- _EXERCISE GOAL_
Please output the following records exactly. Leave every image out.

[Short web captions]
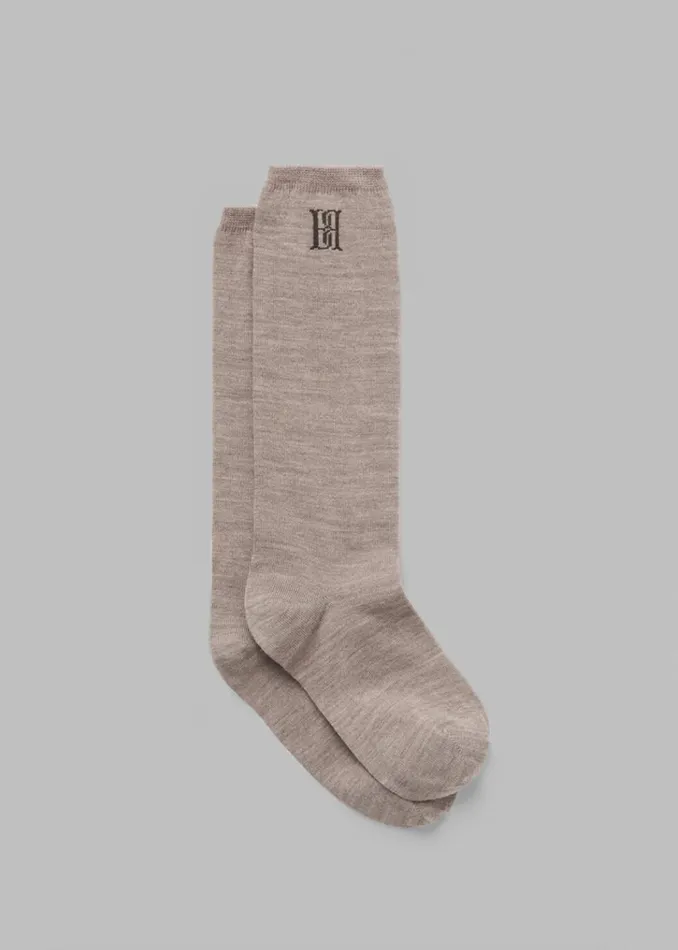 Women The Frankie Shop Accessories By Malene Birger Leiann Socks Warm Brown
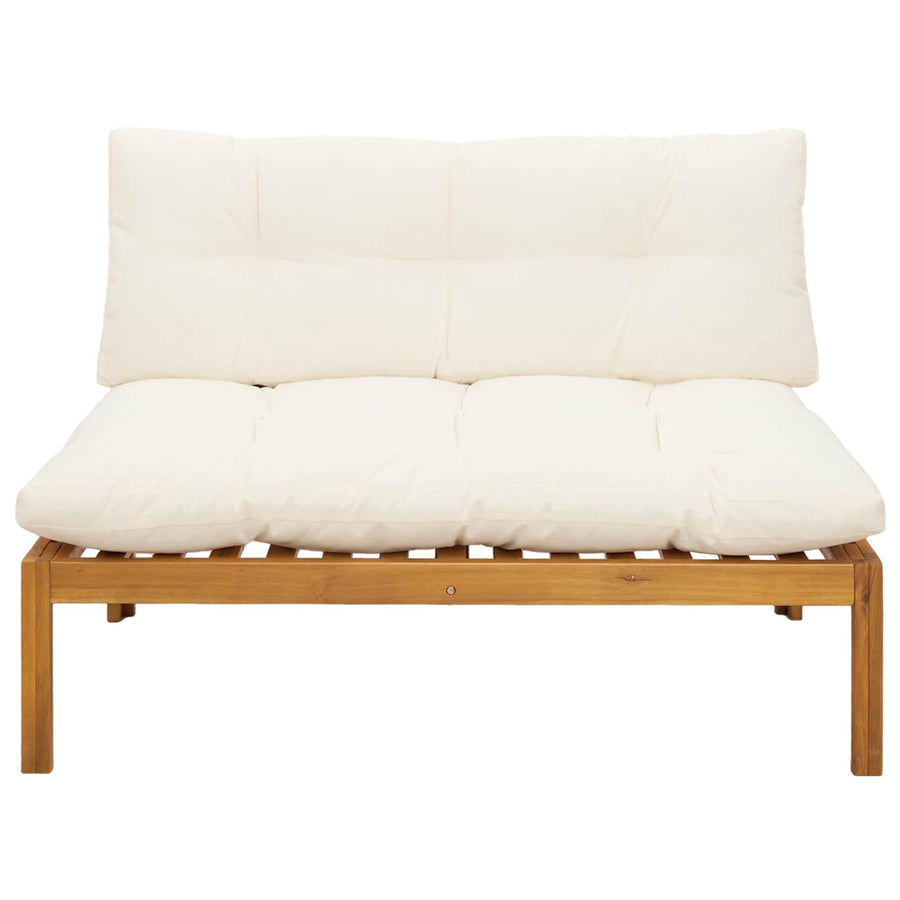 Midden Sofaset Natuurlijk en Crème Wit 120 x 80 x 82 cm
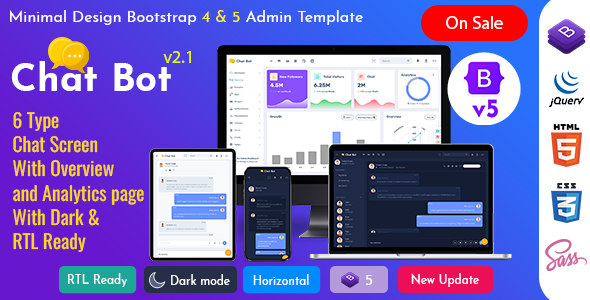 Chatx Bot Responsive Bootstrap Admin Dashboard Template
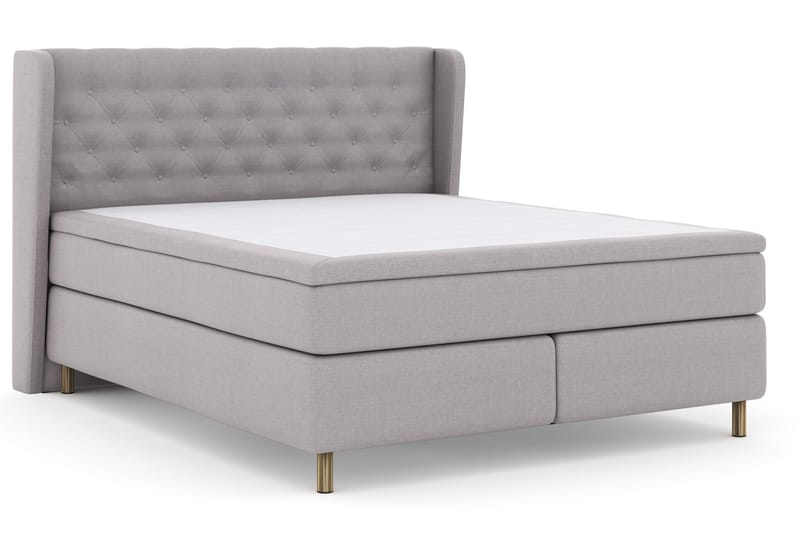 Select No 4 Komplett Sängpaket 180x200 Fast - Ljusgrå/Koppar - Möbler - Säng - Kontinentalsäng
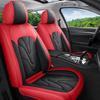 All-Season Universal Car Seat Cushion, Full-Coverage Car Seat Cover, Wear-Resistant Faux Leather Car Seat Cover, 5-Seater Car Cushion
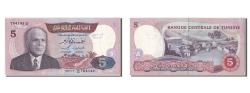 World Coins - Banknote, Tunisia, 5 Dinars, 1983, 1983-11-03, AU(55-58)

- _TASK ANSWER_
 Women The Frankie Shop Accessories By Malene Birger Leiann Socks Warm Brown
 Midden Sofaset Natuurlijk en Crème Wit 120 x 80 x 82 cm
 Chatx Bot Responsive Bootstrap Admin Dashboard Template
 Select No 4 Komplett Sängpaket 180x200 Fast - Ljusgrå/Koppar - Möbler - Säng - Kontinentalsäng
 All-Season Universal Car Seat Cushion, Full-Coverage Car Seat Cover, Wear-Resistant Faux Leather Car Seat Cover, 5-Seater Car Cushion
 World Coins - Banknote, Tunisia, 5 Dinars, 1983, 1983-11-03, AU(55-58)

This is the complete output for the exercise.